The two were sitting on the patio of Oliver’s mother, discussing capital punishment. They sat on a chair swing, Lee with a glass of water, watching the terrier run back and forth. Inside they could hear the chirping of his mother’s two lovebirds, Elizabeth and Darcy, who sat aside the windowsill begging for food. The lawn spread itself like a spell, with more space for the pup after the groundhog finished off the vegetables earlier that springtime.
“What do you think’s the worst way to go out?” Lee asked.
“Oh I don’t know,” Oliver said. “I suppose they’re all bad. They end the same.”
“I couldn’t fathom being hanged. The waiting game.”
Oliver asked for a sip of water. Lee handed the cup and continued, “Reckon they deserve it, though.”
“What?” Oliver asked.
“The criminals. I guess what we find so horrific is what they deserve.”
Oliver looked at him. “Deserve?”
“You know, you reap what you sow. Don’t you agree?”
“No, not at all. I don’t think anyone deserves to die.”
Oliver could recollect perfectly the morning he lost his virginity.

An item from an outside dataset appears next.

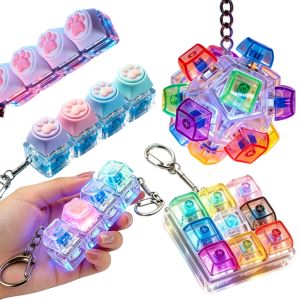 2026 HOT Multi-Style LED Light-Up Keycap Keychain Clicker Fidget Toy Stress Relief Portable Desk Accessory for Kids Adults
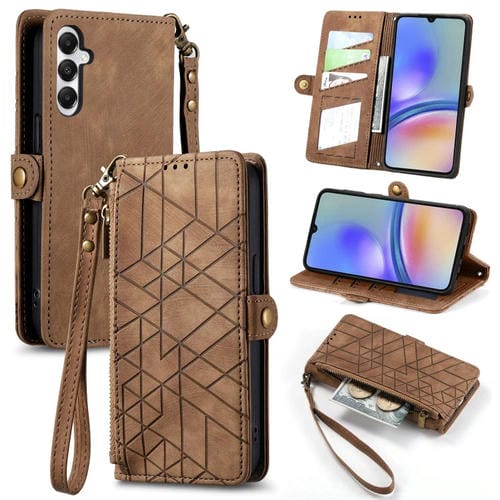 Funda para Teléfono Samsung Galaxy A05S Cuero Hebilla Lateral Billetera Cremallera (Marrón)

Lee loved to have sex at the crack of dawn. He would roll on his back, hard as a brick, and expect Oliver to climb on top. As time passed, it grew to become work for Oliver; but for the first time, Lee nestled close to Oliver and wrapped his muscles around the boy. He filled Oliver’s lungs with his sweet morning breath, his words cutting like a hot knife through butter. “I want to be with you, Olly.”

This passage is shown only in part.